I apologize for asking you in a sarcastic manner, 18 years ago, what I would ever use geometry for in real life. I told you if I ever needed to fence in an abnormally shaped section of my yard that I would expect the guy I hired to build the fence to know such things. I was adamant about the "fact" that circles and triangles would not be so prevalent in my life that I'd need to understand those crazy measurements you tried to teach us. It became abundantly clear to me this evening that you were right, that we could not know where or when but one day we would need to know such things.

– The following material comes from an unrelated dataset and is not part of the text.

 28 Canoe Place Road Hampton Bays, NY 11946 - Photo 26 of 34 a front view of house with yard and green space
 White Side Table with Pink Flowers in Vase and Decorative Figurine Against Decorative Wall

Bethany, who is mad at herself right now
I. Feel. So. Dumb. The technique of shirring is abundant in the sewing world right now--it's on a ton of the blogs I read, the fabric stores have samples of shirred garments on display, and so on. I don't sew clothes well, so I thought I would make a shirred lampshade for my room. It would slip right over my current lampshade, and if it worked well I could make a few for when my mood changed. I measured my old lampshade oh so carefully. It seemed terribly logical to me that the shape should be a trapezoid, and that it would magically fit a circular object. I measured several times. I had crazy amounts of fun shirring. And when I put the lampshade on--it was like that moment in 'National Lampoon's Christmas Vacation' when Clark realizes he forgot to bring the axe to the Christmas tree farm, right down to the 'boing' noise I heard in my head.
Here are a few of the comments I received:
~ "Where's the 'flare'?"
~ "Oh. What happened? Why is that part pointy?"
~ "What made you think a trapezoid would fit around a cone?"
~ "It's like that time you tried to knit me a messenger bag and you thought the pattern was wrong instead of you being wrong."
~ "That's really funny! I love your effort, even if the result was bad."
~ "Can't you see it's supposed to be more circular?" and of course...
I am out of the fabric (which I LOVED), and the piece I had started with would have been perfectly sized for this project (done properly). I spent an entire evening shirring row after row--but this was ridiculously satisfying. And it was all visually so interesting to see (especially after I took the iron to it). I didn't want to part with my failure. So I resewed the side seam so it was cylindrical, and I think I'll use it around a vase to cover the stems (especially if they're fake flowers) or just to cheer it up a bit. So lesson begrudgingly learned for next time.
See? Cute! It's one of those fake patchwork fabrics, and the colors were just so bright and cheery.